- **Description of the task**
Would you repeat the listing below exactly, with no pictures in it?
-------- Exercise data --------
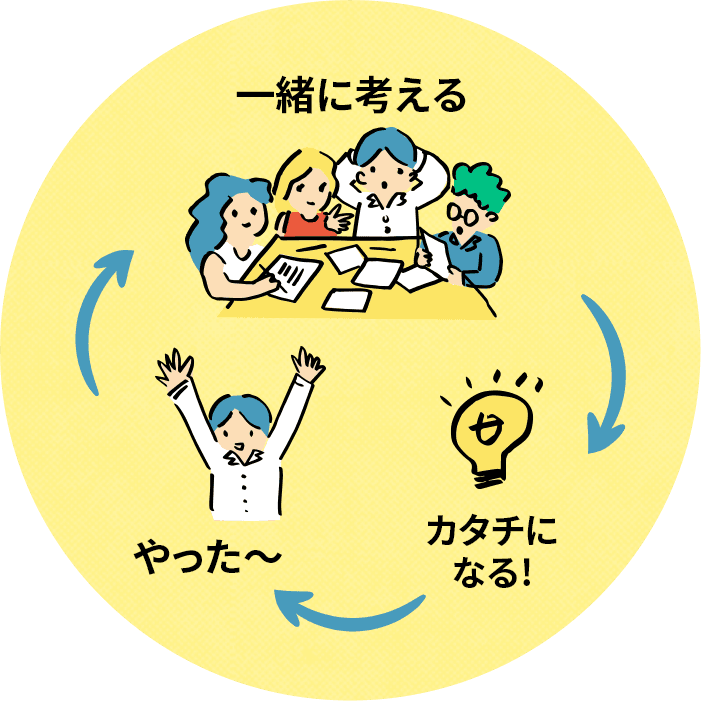 一緒に考える→カタチになる！→やった～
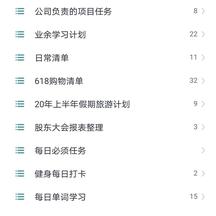 Roll圈圈于2020-07-20 10:02发布的图片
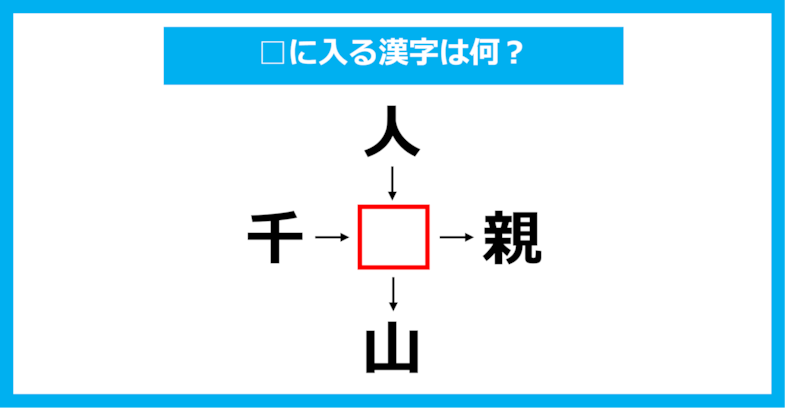 【漢字穴埋めクイズ】□に入る漢字は何？（第1590問）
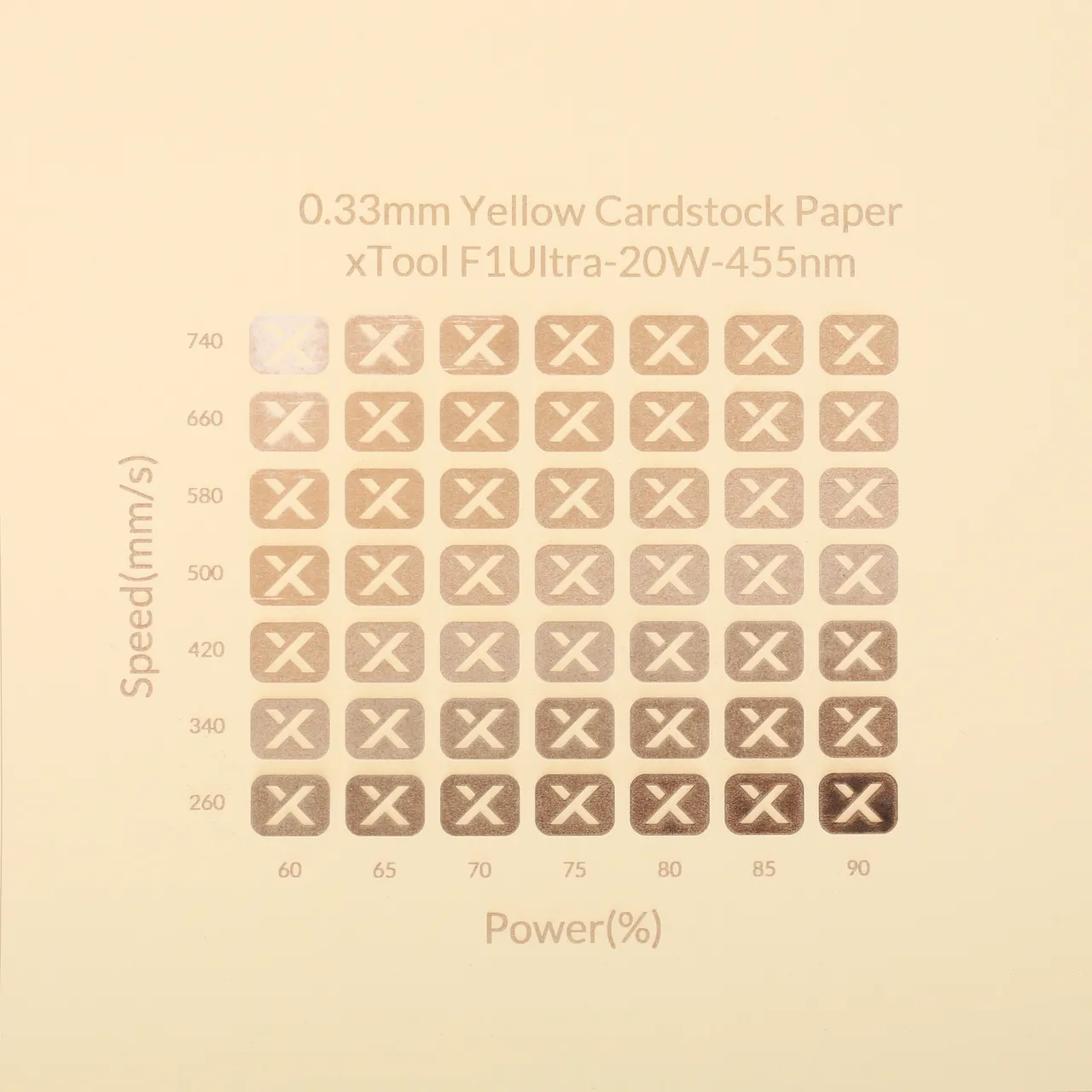 1/77"(0.33mm) Yellow Cardstock Paper test grid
--------
- **Finished task**
 一緒に考える→カタチになる！→やった～
 Roll圈圈于2020-07-20 10:02发布的图片
 【漢字穴埋めクイズ】□に入る漢字は何？（第1590問）
 1/77"(0.33mm) Yellow Cardstock Paper test grid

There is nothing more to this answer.